Using a Home Equity Line of Credit for Debt Consolidation

The home equity line of credit (HELOC) has become an increasingly popular consolidation tool among Quebec homeowners. With an interest rate significantly lower than unsecured credit products, the HELOC allows consolidating expensive debts while maintaining repayment flexibility. But this flexibility is a double-edged sword that every borrower must understand before committing.

HELOC Structure and Operation

A HELOC is a revolving credit product secured by the mortgage on your property. In Canada, OSFI (Office of the Superintendent of Financial Institutions) strictly regulates this product through its Guideline B-20. The HELOC is capped at 65% of the property's market value, and the combined total of the mortgage and HELOC cannot exceed 80% of the value. Unlike a traditional mortgage loan, the HELOC has no fixed term: you can borrow, repay, and re-borrow at will, as long as you stay within your authorized limit.

Revolving credit
A type of credit where the borrower can use, repay, and reuse funds repeatedly, up to the authorized limit. A home equity line of credit and credit cards are examples of revolving credit.

Advantages for Debt Consolidation

  • Reduced interest rate: the prime rate plus 0.50% to 1.00% (approximately 6-7.5% in 2025-2026) is significantly lower than the 19-29% on credit cards and 8-12% on personal loans.
  • Low minimum monthly payment: only interest is required monthly, freeing up cash flow for borrowers in difficulty.
  • Repayment flexibility: ability to repay variable amounts based on each month's financial capacity, with no prepayment penalty.
  • Permanent access to funds: in case of unforeseen need, repaid funds are immediately available without a new credit application.
  • Administrative simplicity: a single account to manage for all consolidated debts, simplifying financial management.

The Overconsumption Trap

The greatest danger of the HELOC as a consolidation tool is paradoxically its greatest quality: flexibility. When you consolidate $30,000 of credit card debt into your HELOC, your cards show a zero balance but remain active. The temptation to reuse them is considerable, and Canadian household personal finance studies show that a significant proportion of borrowers fall back into the debt cycle. After 2-3 years, these borrowers end up with an unchanged HELOC balance AND new credit card debts.

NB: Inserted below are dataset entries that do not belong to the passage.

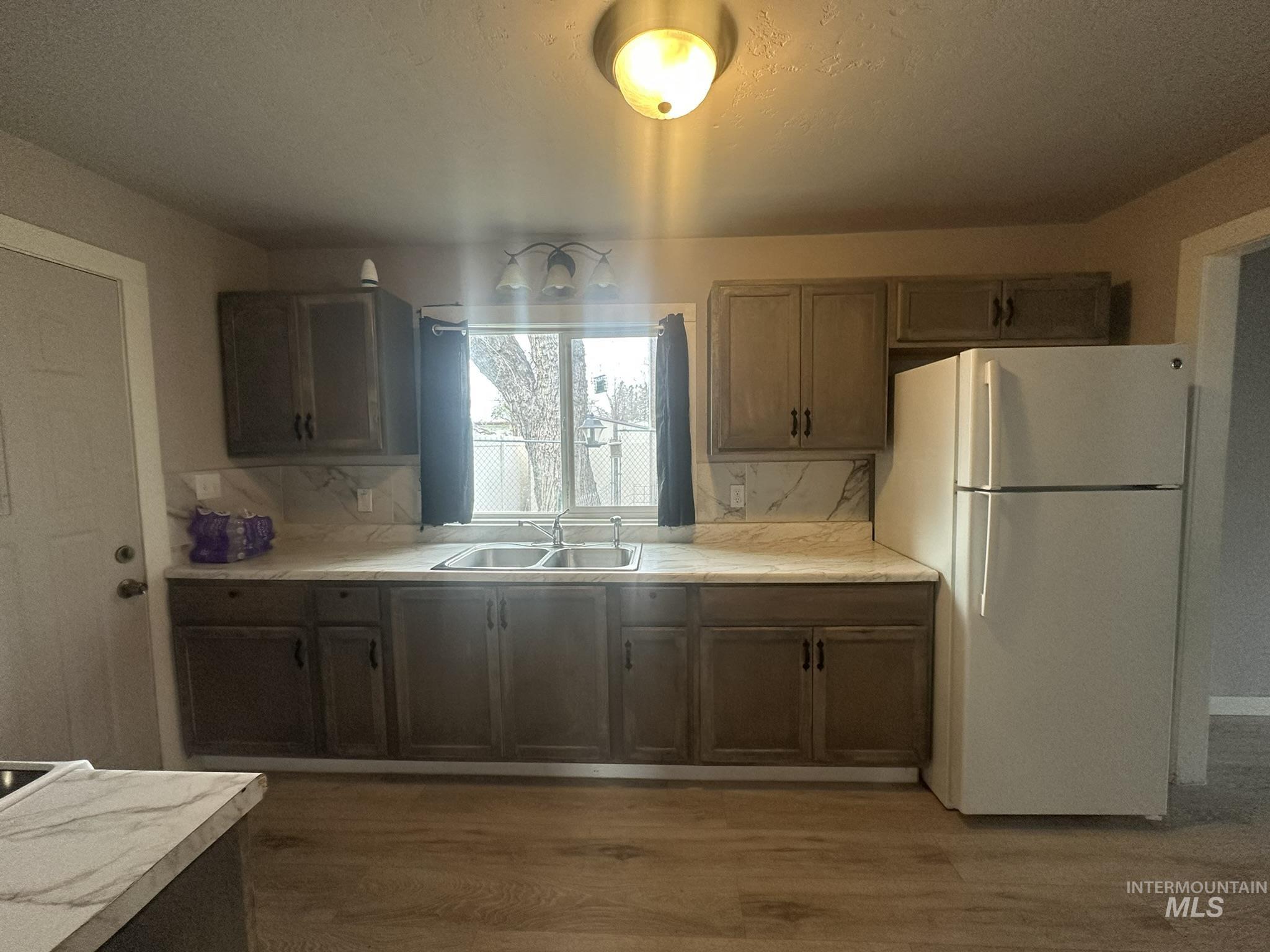 811 East Liberty Street Weiser, ID 83672 - Photo 10 of 12 Kitchen featuring freestanding refrigerator, light countertops, dark wood-type flooring, backsplash, and a textured ceiling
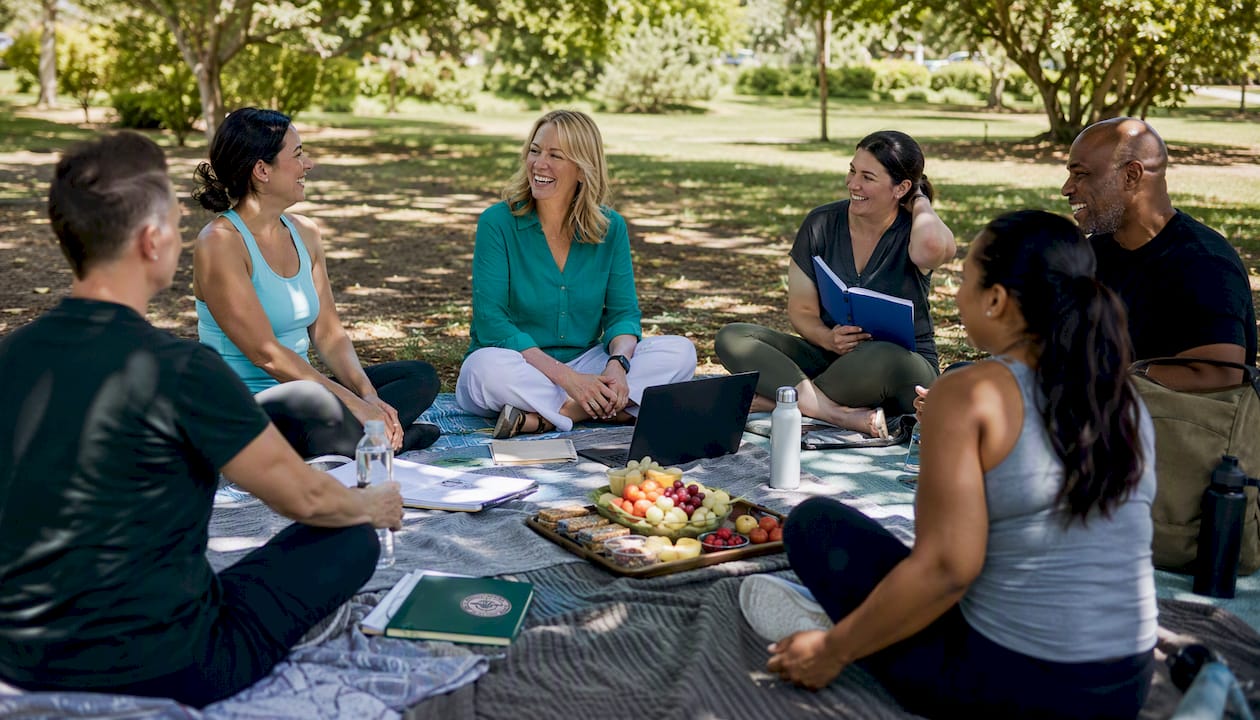 Diverse weight loss group in lively discussion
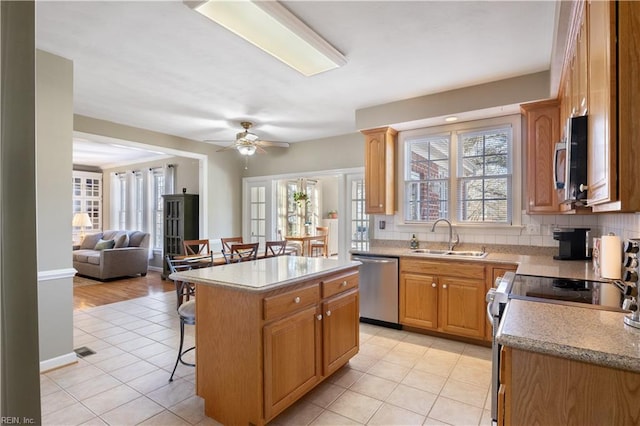 kitchen featuring a center island, a breakfast bar area, appliances with stainless steel finishes, light tile patterned flooring, and sink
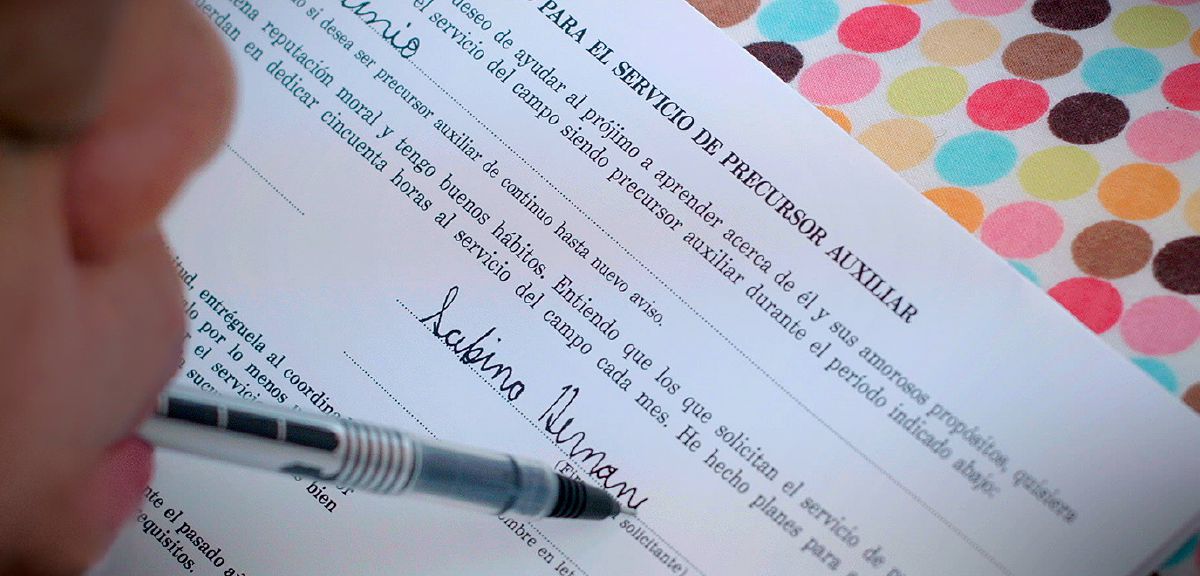 Si Sabina Hernández na igwang bolpen sa saiyang nguso asin pinipirmahan an aplikasyon para sa pag-auxiliary payunir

Variable Rate Risk Exposure

The HELOC carries a variable rate, meaning your interest payments fluctuate with the Bank of Canada's policy rate. On a $50,000 balance, a 1% increase in the prime rate raises your monthly interest payments by approximately $42. During the 2022-2023 monetary tightening period, the prime rate rose from 2.45% to 7.20%, more than tripling interest costs for HELOC holders. Ensure your budget can absorb such fluctuations.

The Combined (Hybrid) HELOC

Several lenders offer hybrid products combining a term mortgage (fixed or variable) and a HELOC under a single mortgage registration. This type of product, often called a combined mortgage, allows you to benefit from the advantages of both structures: the payment stability of the mortgage and the flexibility of the HELOC. As you repay your mortgage principal, the available portion on the HELOC increases automatically. The AMF-certified mortgage broker in Quebec can compare hybrid product offerings from different lenders to identify the most advantageous structure for your debt consolidation situation.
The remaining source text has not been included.